Blood levels of mercury are similar in children with autism and in those developing typically, a study released Monday found.
The research at the University of California-Davis, however, does not address whether the heavy metal, known to be able to cause developmental problems in children, plays a role in causing the disorder.
"We looked at blood-mercury levels in children who had autism and children who did not have autism," said lead author Irva Hertz-Picciotto, a professor of environmental and occupational health.
"The bottom line is that blood-mercury levels in both populations were essentially the same. However, this analysis did not address a causal role, because we measured mercury after the diagnosis was made," she added.
Earlier research has shown that mercury can adversely affect development of the nervous system.
The research, published in the journal "Environmental Health Perspectives," is the largest investigation to date on mercury levels in the blood of autistic children.
The study was done as part of the California-based Childhood Autism Risks from Genetics and the Environment (CHARGE) Study, of which Hertz-Picciotto is lead investigator.
CHARGE is a comprehensive epidemiological investigation that seeks to identify factors associated with autism and discover clues to its origins.
Children who took part were aged between 24 and 60 months and diagnosed with autism as well as children with other developmental disorders. Children who developing typically were used as controls.

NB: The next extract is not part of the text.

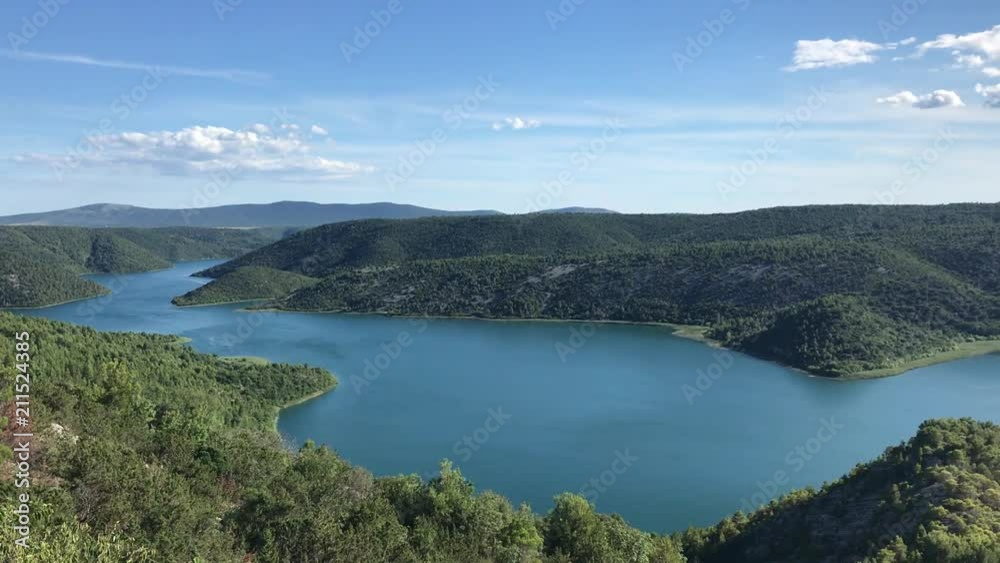 Part of Krka river national park in Croatia nad Visovac island Part of Krka river national park in Croatia nad Visovac island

The study probed sources of mercury in the participants' environments, such as fish consumption, personal-care products (such as nasal sprays or earwax removal products, which may contain mercury) and the types of vaccinations they received, researchers said.
"The study also examined whether children who have dental fillings made of the silver-colored mercury-based amalgam and who grind their teeth or chew gum had higher blood-mercury levels," they added.
"In fact, those children who both chew gum and have amalgams did have higher blood-mercury levels.
"But the consumption of fish -- such as tuna and other ocean fish and freshwater fish -- was far and away the biggest and most significant predictor of blood-mercury levels," they stressed.
The study was carried out on 452 children: 249 were diagnosed as autistic, 143 were deemed to be developing normally and 60 showed retarded development such as Down Syndrome.
"Just as autism is complex, with great variation in severity and presentation, it is highly likely that its causes will be found to be equally complex. It's time to abandon the idea that a single 'smoking gun' will emerge to explain why so many children are developing autism," said Hertz-Picciotto.
"The evidence to date suggests that, without taking account of both genetic susceptibility and environmental factors, the story will remain incomplete," she added.